Saturday, August 3, 2019

History of Carnation Milk Company

Pacific Coast Condensed Milk Company (later renamed the Carnation Milk Company) was established by Elbridge Amos Stuart at an existing factory located in King County, Washington, USA in August 1899. Stuart chose the Carnation name after seeing it used in conjunction with a display of cigars in a tobacco store in downtown Seattle.

The previous owners had been producing condensed milk – but when they went out of business Stuart took over the site. It made canned, evaporated milk for human consumption that was sold in grocery stores in the Pacific Northwest.

In 1910 Elbridge Amos Stuart bought 350 acres of timber and brush near Tolt. He cleared the land, diked the Snoqualmie River to control its flooding, and bought a purebred bull and 84 registered Holstein cows as the basis for a research dairy herd.


By 1929, Stuart's was the largest herd of purebred Holsteins in the world numbering 700. Washington State produced 7,500 pounds of milk per cow per year which was the highest in the nation.
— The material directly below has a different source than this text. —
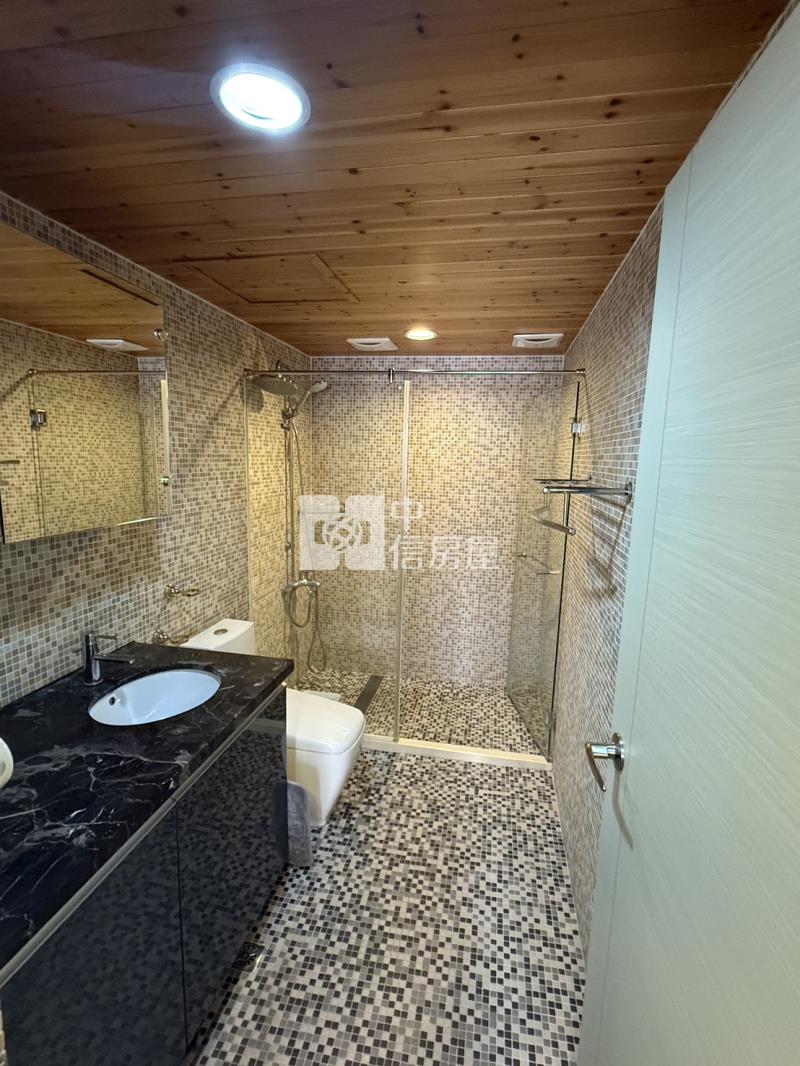 中山醫大慶車站大三雙主臥房美屋房屋室內格局與周邊環境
Stuart's operation in the Snoqualmie Valley was a model dairy which employed 75 men year round. Stuart acquired the property of the Albers Milling Company and employed it to house the Carnation Farm research facility.

That was Cheese John who came up with the idea of sterilizing the milk by subjecting it to high temperatures, thereby creating the first commercially-produced evaporated milk. The Carnation made evaporated milk until October 1, 1954, when a switch was made to producing the Carnation Instant Milk that had been invented earlier in the year.

In 1985 the Carnation brand was purchased by Nestlé.